- [Problem] Would you reproduce every line of the material exactly?

- - - -

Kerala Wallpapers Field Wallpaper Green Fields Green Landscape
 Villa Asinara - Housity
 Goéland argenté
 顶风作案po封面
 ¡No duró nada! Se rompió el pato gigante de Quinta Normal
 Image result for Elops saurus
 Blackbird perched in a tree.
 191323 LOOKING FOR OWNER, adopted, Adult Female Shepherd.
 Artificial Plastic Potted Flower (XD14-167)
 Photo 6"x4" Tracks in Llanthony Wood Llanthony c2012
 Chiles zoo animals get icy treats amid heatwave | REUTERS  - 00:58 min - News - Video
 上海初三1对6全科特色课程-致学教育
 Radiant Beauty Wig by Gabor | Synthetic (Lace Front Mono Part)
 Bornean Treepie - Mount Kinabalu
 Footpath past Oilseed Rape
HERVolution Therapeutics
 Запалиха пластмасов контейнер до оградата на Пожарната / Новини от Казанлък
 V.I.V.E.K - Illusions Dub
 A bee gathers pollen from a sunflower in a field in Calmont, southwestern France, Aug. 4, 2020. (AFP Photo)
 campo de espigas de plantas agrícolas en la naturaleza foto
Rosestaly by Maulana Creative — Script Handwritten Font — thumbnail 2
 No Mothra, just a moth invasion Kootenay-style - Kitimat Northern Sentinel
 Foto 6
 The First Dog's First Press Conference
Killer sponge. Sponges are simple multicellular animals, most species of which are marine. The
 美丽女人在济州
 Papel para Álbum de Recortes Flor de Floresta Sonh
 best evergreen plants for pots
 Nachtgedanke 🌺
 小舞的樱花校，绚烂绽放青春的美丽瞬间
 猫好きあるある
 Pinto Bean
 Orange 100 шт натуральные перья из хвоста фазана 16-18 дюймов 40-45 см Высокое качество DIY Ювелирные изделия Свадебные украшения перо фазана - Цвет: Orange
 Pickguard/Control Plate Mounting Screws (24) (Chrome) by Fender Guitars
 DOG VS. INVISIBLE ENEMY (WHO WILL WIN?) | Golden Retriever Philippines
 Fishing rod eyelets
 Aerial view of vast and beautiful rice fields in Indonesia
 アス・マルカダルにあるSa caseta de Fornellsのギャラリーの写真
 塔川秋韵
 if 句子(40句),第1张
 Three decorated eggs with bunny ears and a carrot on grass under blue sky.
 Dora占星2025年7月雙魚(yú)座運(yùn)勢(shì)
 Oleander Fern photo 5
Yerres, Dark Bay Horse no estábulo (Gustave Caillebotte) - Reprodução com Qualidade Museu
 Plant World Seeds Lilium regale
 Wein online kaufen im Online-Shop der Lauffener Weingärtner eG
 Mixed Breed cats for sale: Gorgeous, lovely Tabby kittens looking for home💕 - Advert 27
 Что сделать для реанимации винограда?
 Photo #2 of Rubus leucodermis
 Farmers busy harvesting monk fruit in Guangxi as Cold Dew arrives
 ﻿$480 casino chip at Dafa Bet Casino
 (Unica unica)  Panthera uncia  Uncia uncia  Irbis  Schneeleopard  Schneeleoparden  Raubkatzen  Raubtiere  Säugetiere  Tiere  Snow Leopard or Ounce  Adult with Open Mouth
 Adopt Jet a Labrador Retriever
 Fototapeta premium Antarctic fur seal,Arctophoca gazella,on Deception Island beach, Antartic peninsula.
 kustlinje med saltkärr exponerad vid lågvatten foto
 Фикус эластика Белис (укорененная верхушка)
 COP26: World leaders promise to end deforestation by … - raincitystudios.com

- - - -

- [Worked solution]
Kerala Wallpapers Field Wallpaper Green Fields Green Landscape
 Villa Asinara - Housity
 Goéland argenté
 顶风作案po封面
 ¡No duró nada! Se rompió el pato gigante de Quinta Normal
 Image result for Elops saurus
 Blackbird perched in a tree.
 191323 LOOKING FOR OWNER, adopted, Adult Female Shepherd.
 Artificial Plastic Potted Flower (XD14-167)
 Photo 6"x4" Tracks in Llanthony Wood Llanthony c2012
 Chiles zoo animals get icy treats amid heatwave | REUTERS  - 00:58 min - News - Video
 上海初三1对6全科特色课程-致学教育
 Radiant Beauty Wig by Gabor | Synthetic (Lace Front Mono Part)
 Bornean Treepie - Mount Kinabalu
 Footpath past Oilseed Rape
HERVolution Therapeutics
 Запалиха пластмасов контейнер до оградата на Пожарната / Новини от Казанлък
 V.I.V.E.K - Illusions Dub
 A bee gathers pollen from a sunflower in a field in Calmont, southwestern France, Aug. 4, 2020. (AFP Photo)
 campo de espigas de plantas agrícolas en la naturaleza foto
Rosestaly by Maulana Creative — Script Handwritten Font — thumbnail 2
 No Mothra, just a moth invasion Kootenay-style - Kitimat Northern Sentinel
 Foto 6
 The First Dog's First Press Conference
Killer sponge. Sponges are simple multicellular animals, most species of which are marine. The
 美丽女人在济州
 Papel para Álbum de Recortes Flor de Floresta Sonh
 best evergreen plants for pots
 Nachtgedanke 🌺
 小舞的樱花校，绚烂绽放青春的美丽瞬间
 猫好きあるある
 Pinto Bean
 Orange 100 шт натуральные перья из хвоста фазана 16-18 дюймов 40-45 см Высокое качество DIY Ювелирные изделия Свадебные украшения перо фазана - Цвет: Orange
 Pickguard/Control Plate Mounting Screws (24) (Chrome) by Fender Guitars
 DOG VS. INVISIBLE ENEMY (WHO WILL WIN?) | Golden Retriever Philippines
 Fishing rod eyelets
 Aerial view of vast and beautiful rice fields in Indonesia
 アス・マルカダルにあるSa caseta de Fornellsのギャラリーの写真
 塔川秋韵
 if 句子(40句),第1张
 Three decorated eggs with bunny ears and a carrot on grass under blue sky.
 Dora占星2025年7月雙魚(yú)座運(yùn)勢(shì)
 Oleander Fern photo 5
Yerres, Dark Bay Horse no estábulo (Gustave Caillebotte) - Reprodução com Qualidade Museu
 Plant World Seeds Lilium regale
 Wein online kaufen im Online-Shop der Lauffener Weingärtner eG
 Mixed Breed cats for sale: Gorgeous, lovely Tabby kittens looking for home💕 - Advert 27
 Что сделать для реанимации винограда?
 Photo #2 of Rubus leucodermis
 Farmers busy harvesting monk fruit in Guangxi as Cold Dew arrives
 ﻿$480 casino chip at Dafa Bet Casino
 (Unica unica)  Panthera uncia  Uncia uncia  Irbis  Schneeleopard  Schneeleoparden  Raubkatzen  Raubtiere  Säugetiere  Tiere  Snow Leopard or Ounce  Adult with Open Mouth
 Adopt Jet a Labrador Retriever
 Fototapeta premium Antarctic fur seal,Arctophoca gazella,on Deception Island beach, Antartic peninsula.
 kustlinje med saltkärr exponerad vid lågvatten foto
 Фикус эластика Белис (укорененная верхушка)
 COP26: World leaders promise to end deforestation by … - raincitystudios.com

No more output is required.